**What the task requires:** Print each line of the listing once more, precisely as given.

**Recorded information:**
((

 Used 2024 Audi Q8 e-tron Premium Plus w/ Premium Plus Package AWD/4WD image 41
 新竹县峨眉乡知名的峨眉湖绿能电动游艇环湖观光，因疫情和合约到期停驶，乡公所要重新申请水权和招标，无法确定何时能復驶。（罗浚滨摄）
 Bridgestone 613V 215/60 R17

))

**Answer for the task:**
 Used 2024 Audi Q8 e-tron Premium Plus w/ Premium Plus Package AWD/4WD image 41
 新竹县峨眉乡知名的峨眉湖绿能电动游艇环湖观光，因疫情和合约到期停驶，乡公所要重新申请水权和招标，无法确定何时能復驶。（罗浚滨摄）
 Bridgestone 613V 215/60 R17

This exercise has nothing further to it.